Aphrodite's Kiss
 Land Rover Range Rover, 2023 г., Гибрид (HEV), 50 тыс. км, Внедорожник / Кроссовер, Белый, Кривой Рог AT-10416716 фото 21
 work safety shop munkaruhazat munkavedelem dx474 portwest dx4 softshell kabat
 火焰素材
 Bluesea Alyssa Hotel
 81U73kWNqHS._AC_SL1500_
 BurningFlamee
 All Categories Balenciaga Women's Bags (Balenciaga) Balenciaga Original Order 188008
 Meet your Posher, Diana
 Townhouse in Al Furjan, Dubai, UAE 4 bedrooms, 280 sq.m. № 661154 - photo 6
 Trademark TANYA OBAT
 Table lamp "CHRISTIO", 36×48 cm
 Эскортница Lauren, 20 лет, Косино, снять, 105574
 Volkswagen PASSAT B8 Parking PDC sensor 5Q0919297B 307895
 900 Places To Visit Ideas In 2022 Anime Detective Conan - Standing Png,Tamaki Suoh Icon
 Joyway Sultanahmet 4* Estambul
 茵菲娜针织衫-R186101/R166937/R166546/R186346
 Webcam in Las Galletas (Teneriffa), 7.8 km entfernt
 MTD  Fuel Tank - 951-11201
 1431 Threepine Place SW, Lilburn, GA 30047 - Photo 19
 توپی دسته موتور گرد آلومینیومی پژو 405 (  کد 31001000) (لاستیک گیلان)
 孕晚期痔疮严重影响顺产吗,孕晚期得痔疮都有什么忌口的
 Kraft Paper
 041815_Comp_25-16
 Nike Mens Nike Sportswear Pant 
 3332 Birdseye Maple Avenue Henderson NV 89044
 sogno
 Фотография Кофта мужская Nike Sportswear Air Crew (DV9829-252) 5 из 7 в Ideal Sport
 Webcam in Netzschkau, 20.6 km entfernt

--

== DIRECTIONS ==
Please write out, exactly as they appear, only the lines from the one holding "Townhouse in Al" through the end of the data.

== RESPONSE TO THE EXERCISE ==
 Townhouse in Al Furjan, Dubai, UAE 4 bedrooms, 280 sq.m. № 661154 - photo 6
 Trademark TANYA OBAT
 Table lamp "CHRISTIO", 36×48 cm
 Эскортница Lauren, 20 лет, Косино, снять, 105574
 Volkswagen PASSAT B8 Parking PDC sensor 5Q0919297B 307895
 900 Places To Visit Ideas In 2022 Anime Detective Conan - Standing Png,Tamaki Suoh Icon
 Joyway Sultanahmet 4* Estambul
 茵菲娜针织衫-R186101/R166937/R166546/R186346
 Webcam in Las Galletas (Teneriffa), 7.8 km entfernt
 MTD  Fuel Tank - 951-11201
 1431 Threepine Place SW, Lilburn, GA 30047 - Photo 19
 توپی دسته موتور گرد آلومینیومی پژو 405 (  کد 31001000) (لاستیک گیلان)
 孕晚期痔疮严重影响顺产吗,孕晚期得痔疮都有什么忌口的
 Kraft Paper
 041815_Comp_25-16
 Nike Mens Nike Sportswear Pant 
 3332 Birdseye Maple Avenue Henderson NV 89044
 sogno
 Фотография Кофта мужская Nike Sportswear Air Crew (DV9829-252) 5 из 7 в Ideal Sport
 Webcam in Netzschkau, 20.6 km entfernt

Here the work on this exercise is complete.